There probably isn’t a lot in the world that can still surprise No Reservations and Parts Unknown host Anthony Bourdain. He’s been to 75 countries—and counting—and has eaten everything from fermented shark fin to Namibian warthog.
But taking a solo trip to Tokyo? That’s “intimidating” and “thrilling,” says Bourdain.
He told Travel + Leisure that he remembers his first visit to the Japanese capital as “an eye-opening, traumatizing, life-changing experience.”

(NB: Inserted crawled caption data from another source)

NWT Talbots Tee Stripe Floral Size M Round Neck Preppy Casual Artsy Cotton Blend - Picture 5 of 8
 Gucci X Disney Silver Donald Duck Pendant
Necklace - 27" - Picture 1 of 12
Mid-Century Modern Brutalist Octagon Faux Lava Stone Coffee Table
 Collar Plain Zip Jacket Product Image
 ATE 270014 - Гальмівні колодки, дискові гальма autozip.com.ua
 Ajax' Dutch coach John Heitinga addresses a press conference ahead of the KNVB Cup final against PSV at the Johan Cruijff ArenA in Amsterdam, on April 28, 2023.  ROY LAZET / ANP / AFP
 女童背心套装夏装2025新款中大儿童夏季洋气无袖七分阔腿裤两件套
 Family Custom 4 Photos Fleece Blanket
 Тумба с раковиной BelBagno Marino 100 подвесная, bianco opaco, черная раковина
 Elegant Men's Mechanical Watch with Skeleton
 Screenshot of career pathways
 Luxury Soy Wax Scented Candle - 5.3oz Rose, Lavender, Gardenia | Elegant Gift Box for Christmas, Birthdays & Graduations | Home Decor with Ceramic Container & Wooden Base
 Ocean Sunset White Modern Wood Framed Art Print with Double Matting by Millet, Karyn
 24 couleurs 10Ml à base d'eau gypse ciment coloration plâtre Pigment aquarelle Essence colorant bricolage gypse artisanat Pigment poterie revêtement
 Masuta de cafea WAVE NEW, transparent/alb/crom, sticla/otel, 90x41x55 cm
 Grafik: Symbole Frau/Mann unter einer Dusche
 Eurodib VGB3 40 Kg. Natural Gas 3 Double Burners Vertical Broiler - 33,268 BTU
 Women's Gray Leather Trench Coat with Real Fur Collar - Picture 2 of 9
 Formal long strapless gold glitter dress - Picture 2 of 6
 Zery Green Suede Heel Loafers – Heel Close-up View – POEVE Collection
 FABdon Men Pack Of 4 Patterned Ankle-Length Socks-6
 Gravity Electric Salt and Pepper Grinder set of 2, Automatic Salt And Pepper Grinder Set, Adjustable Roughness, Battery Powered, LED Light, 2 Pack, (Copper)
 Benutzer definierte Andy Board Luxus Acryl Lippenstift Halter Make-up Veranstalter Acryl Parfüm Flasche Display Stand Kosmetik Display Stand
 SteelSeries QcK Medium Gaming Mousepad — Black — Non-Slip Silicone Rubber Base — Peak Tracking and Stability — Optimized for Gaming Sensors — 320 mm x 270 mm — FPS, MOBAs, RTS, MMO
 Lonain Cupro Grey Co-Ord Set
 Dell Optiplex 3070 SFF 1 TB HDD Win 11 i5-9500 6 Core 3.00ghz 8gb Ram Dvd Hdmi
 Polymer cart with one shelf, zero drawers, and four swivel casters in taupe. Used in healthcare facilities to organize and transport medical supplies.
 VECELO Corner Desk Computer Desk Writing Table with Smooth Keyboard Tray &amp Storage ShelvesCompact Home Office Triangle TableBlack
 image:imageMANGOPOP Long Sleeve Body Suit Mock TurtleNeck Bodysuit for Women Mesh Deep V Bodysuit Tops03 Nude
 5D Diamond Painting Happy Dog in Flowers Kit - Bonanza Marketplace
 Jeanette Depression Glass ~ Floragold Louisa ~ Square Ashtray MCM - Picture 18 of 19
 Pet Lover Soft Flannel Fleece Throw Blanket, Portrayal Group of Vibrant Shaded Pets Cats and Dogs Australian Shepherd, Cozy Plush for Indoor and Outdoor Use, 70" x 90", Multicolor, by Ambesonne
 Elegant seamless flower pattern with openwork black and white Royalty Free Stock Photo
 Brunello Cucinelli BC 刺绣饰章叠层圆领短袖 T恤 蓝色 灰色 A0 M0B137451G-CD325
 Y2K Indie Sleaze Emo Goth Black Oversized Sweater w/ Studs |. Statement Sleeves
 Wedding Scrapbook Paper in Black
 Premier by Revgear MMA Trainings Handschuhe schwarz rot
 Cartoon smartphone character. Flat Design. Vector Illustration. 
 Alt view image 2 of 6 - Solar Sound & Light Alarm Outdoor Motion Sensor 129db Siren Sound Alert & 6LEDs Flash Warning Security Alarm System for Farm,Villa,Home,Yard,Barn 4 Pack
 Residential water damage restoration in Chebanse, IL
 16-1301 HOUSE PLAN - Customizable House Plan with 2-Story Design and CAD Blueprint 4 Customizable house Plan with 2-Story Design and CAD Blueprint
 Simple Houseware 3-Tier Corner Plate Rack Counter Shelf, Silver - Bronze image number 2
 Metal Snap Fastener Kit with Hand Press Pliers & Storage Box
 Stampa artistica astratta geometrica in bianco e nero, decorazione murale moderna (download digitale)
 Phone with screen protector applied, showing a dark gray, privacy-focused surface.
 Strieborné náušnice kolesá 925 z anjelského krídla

“Tokyo is very exciting alone,” Bourdain said. “Every time you need to feed yourself at a restaurant you’re taking the plunge, stepping through the curtains into a room filled with locals, menus in Japanese, feeling awkward and freakish—the tallest guy in the room—having no clue what it is that they’re serving.”
We may not all have such imposing frames, but almost any traveler can relate to the electrifying sense of dislocation and uncertainty.
“When you finally get to the point when you can order breakfast at a restaurant? That’s a great feeling of accomplishment,” said Bourdain. “That’s what I love about Tokyo. You’re forced to learn stuff every inch of the way.”
Practically speaking, Japan is one of the best countries for solo adventures. When you elbow up to a sushi counter here, you’ll likely find you’re not the only solitary traveler marveling at the sashimi.